I began to claw at the ground, looking for anything to get traction to pull myself away from him. I used my free leg to kick. I was not going down without a fight. I flopped myself onto my back, giving everything I had to get away. I was able to land three quick kicks to his right leg and thigh, which only increased his anger. Reaching for me with his free hand, he managed to grab my other leg. I was convinced he was going to kill me. I was going to die here. I couldn't die. I had so much more I needed to do. Instantly, my mind went to Syn. Jesus, he could not find me like this. I had to fight. As my attacker pulled me toward him and pushed my legs open, the reality of his next move hit me in the heart like a bullet. I realized that he had my legs pinned, but while he was opening his pants, he had taken his attention off my hands.
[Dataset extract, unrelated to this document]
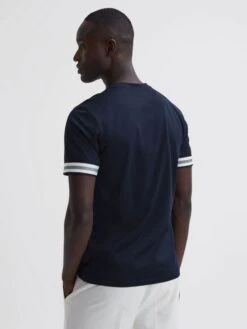 Reiss Navy Dune Mercerised Cotton Striped T-Shirt -Style Trend Shop D97 824s5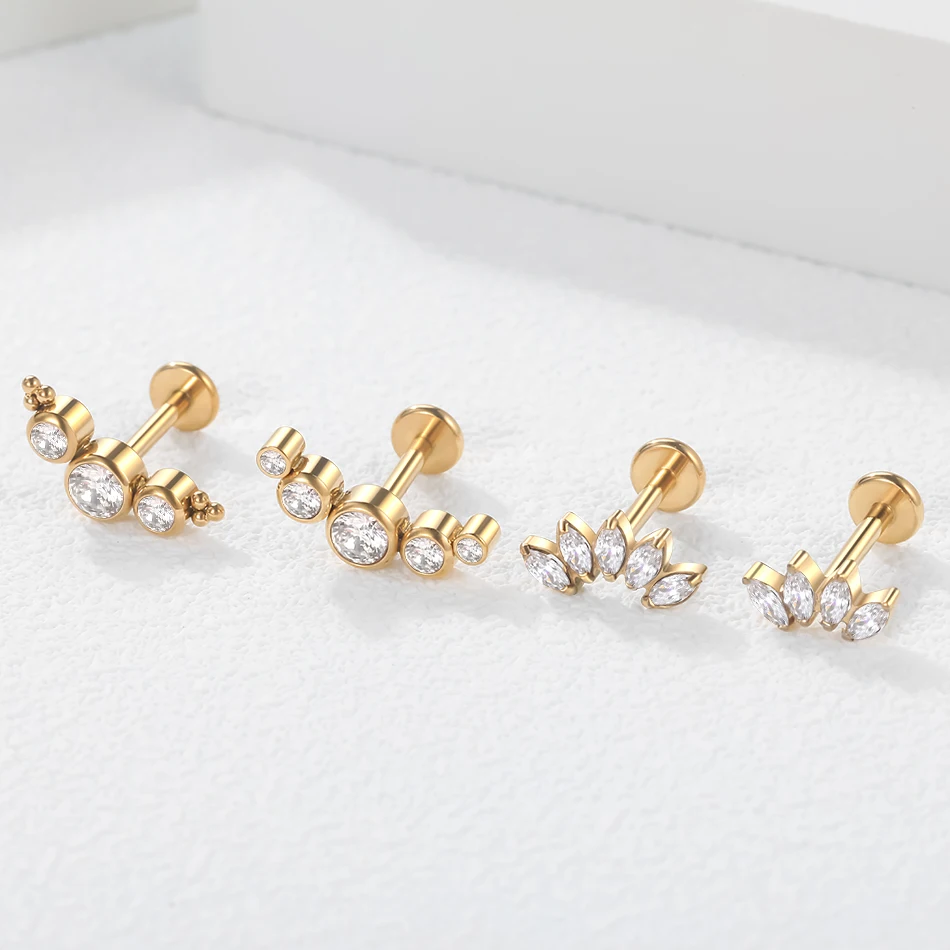 ASTM F136 Titanium 16G Internal Threaded CZ Labret Monroe Lip Piercing Ear Cartilage Tragus Piercing Earring Studs Jewelry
Pushing myself up off the ground, I raised my head and spit in his face.

“You dirty, worthless bitch.”

Those were the last words I heard. He hit me with such an intensity on the side of the head that I saw stars. The ringing in my ears turned to a loud hum. Both of my eyes were completely shut, and my face, hands, and torso were so sore. I had no more fight in me. If this were where my life ended, I would know that I had tried my best to get away. I had tried with everything I had to get to Syn. In that moment, my only regret was that I had not told him yes when I had the chance.

They say before you die your life flashes before your eyes. That you see all the good times and the moments that made your life your own. The only thing I saw was Syn. He was my life, and I would love him until my last breath. Laying my head back onto the pavement, I felt the pull of my pantyhose and panties as they were ripped from by body and then the forceful thrust of him taking the last bit of me that he hadn’t already ruined with his fists or his blade. No matter how badly I was hurting, I would not cry. I would not give him that satisfaction. If he wanted to draw out my inner fear, he would lose that battle. He might have been brutalizing my body and my mind, but he would not see it. Hell no. Some things you couldn’t take from people no matter how much you tried.

I felt his hands on my chest as he pushed me into the ground and the weight of his body on top of me. As he ruined me, I heard his grunts and finally the sounds of his exhaustion when he was finished. I quickly became as dirty and broken as the roses that lay beside me on the ground. I screamed for Syn, over and over again. He never turned around. Maybe I wasn't actually screaming out loud. Maybe it was all in my head.

I hated that I could feel my attacker in my body. I could hear his sounds and his enjoyment. The physical pain I was in was nothing compared to the pain for being broken to the core. As I felt the weight of him removed from my body, he had just one more insult to add. I lay there broken and bleeding, covered in sweat and fluids, and he decided that I was nothing more than a piece of trash. I felt the warm liquid on my chest and arms, becoming all too aware that he was relieving himself on me. An insult that after everything seemed the most degrading. How could someone I never met hate me so much to do this?

As my head rested on the ground, I could feel the heat on the back of my neck, indicating that I was bleeding from multiple places. With every punch to my face, a piece of me was shattered. As every second of the assault passed, I got farther and farther away from Syn. The alley turned into a tunnel before my eyes, and the only light I saw was not coming to my aid. Why wasn't Syn responding to my cries for help? I needed him, and he was just out of my reach but so far away. Why? Please, someone help me.

I opened my mouth to expel one last cry for help when my world went black.